Financial institutions are already subject to many regulations and mechanisms for liability. (3) They are also often directly related to harmful behavior and criminal activity, financing known bad actors or colluding with corrupt officials, knowingly or unknowingly. (4) Like supply chain links, financial institutions often escape commensurate liability, indicating that the global regulatory environment for financial institutions is an insufficient deterrent, (5) and victims' attempts to find justice are often futile. (6) Consumer demands do not have the same impact on banks as on retailers because, to a large extent, customers are at the mercy of banks, not the other way around. This Note explores current domestic and transnational efforts to combat money laundering. Part II will discuss the history of money laundering and AML legislation and how the purpose of financial reporting regulations has drifted over the last half century. Part III discusses modern advances in AML and the result of this expensive regime. Part IV will discuss possible solutions and the current debate amongst scholars and policy experts over the direction that AML regulation can and should go to advance global law enforcement and economic goals while meeting modern AML challenges. This Part will also propose that AML funds be reinvested in development. Part V will conclude.

  1. BACKGROUND

    Money laundering is the mechanism of routing criminal earnings to disguise their illegitimate origin. (7) Where a sudden, unaccounted-for influx of revenue may raise suspicion, money laundering gives illegal revenue the appearance of legal income. Laundered money thus becomes viable tender for all financial activities without raising further suspicion. (8) In 2015, laundered money likely accounted for between 3.5 and 5.7 percent of the global gross domestic product. (9) Though any criminal organization is likely to utilize laundering, drug trafficking, terrorism, and human trafficking are most commonly associated with it; these crimes are also the primary target of most anti-money-laundering/countering-the-financing-of-terrorism-regimes, commonly now referred to as AML regimes or "AML/CFT." (10) According to Transnational Institute's Tom Blickman, AML/CFT regimes have five goals:

    (1) removing profit out of crime through confiscation; (2) detecting crime by following the money trail; (3) targeting third-party or professional launderers, who through their services allow criminals to retain the proceeds of crime; (4) targeting the upper echelons of the criminal organization whose only 'visible' connection to the crime is the money trail; and (5) protecting the integrity of the financial system against abuse by criminals.

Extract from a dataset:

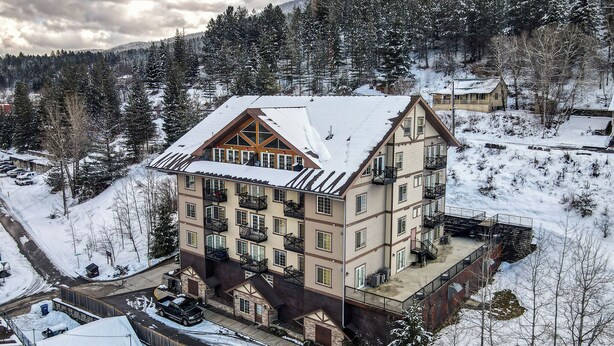 A multi-story hotel with a snow-covered roof, balconies, and a ski slope in the background.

    The international Financial Action Task Force (FATF) has listed corruption as the primary obstacle to effective AML regimes in certain countries. (12) In most areas, however, the obstacles are more difficult to name. The perceived strong connection between street criminals and money laundering is not fully accurate and belies the wealth, power, and sophistication of many beneficiaries of money laundering, which often include powerful government officials including judges, ministers, and, in the case of Nigeria, even presidents. (13) This conception feeds into risk assessment burdens that disproportionately impact low-income areas, resulting in devastating financial exclusion. (14) Conversely, it allows high-income areas to benefit from a presumption of legitimacy of which they are undeserving.

    1. Obfuscation

      Criminal operations obscure the true nature of ownership and products or piggy back off of real transactions to sneak through illicit financial flows (IFFs) with numerous other legitimate transactions. (15 ) Tracking IFFs is paramount to AML and requires identifying the true recipient of funds, also known as the beneficial owner, and differentiating transactions for legitimate goods and services from illegal transfers.

      (1.) Ownership

      Determining beneficial ownership is critical to combatting money laundering. Shell companies mask the beneficial owner of the company and therefore the true recipient of the proceeds. (16) This mechanism is more difficult and sophisticated than trade-based money laundering and poses a serious problem for AML regulation and international law enforcement. (17)

      (2.) Transactions

      Trade-based money laundering (TBML) mimics legitimate commercial activity and, in some cases, coincides with legitimate transactions. (18) TBML became a common money-laundering mechanism in the last decade, and works by falsifying commercial information to disguise the true nature or extent of a transaction. (19 ) This may include misrepresenting pricing or quantity, misidentifying goods and services, invoicing for shipments never sent, or charging consultancy fees that actually represent an illegal transfer. (20) A cursory customer due diligence (CDD) check may not uncover underlying fraud. (21) Enforcement officers must use enhanced due diligence (EDD) to uncover false transactions as well as forged, altered, or illegally obtained identification documentation.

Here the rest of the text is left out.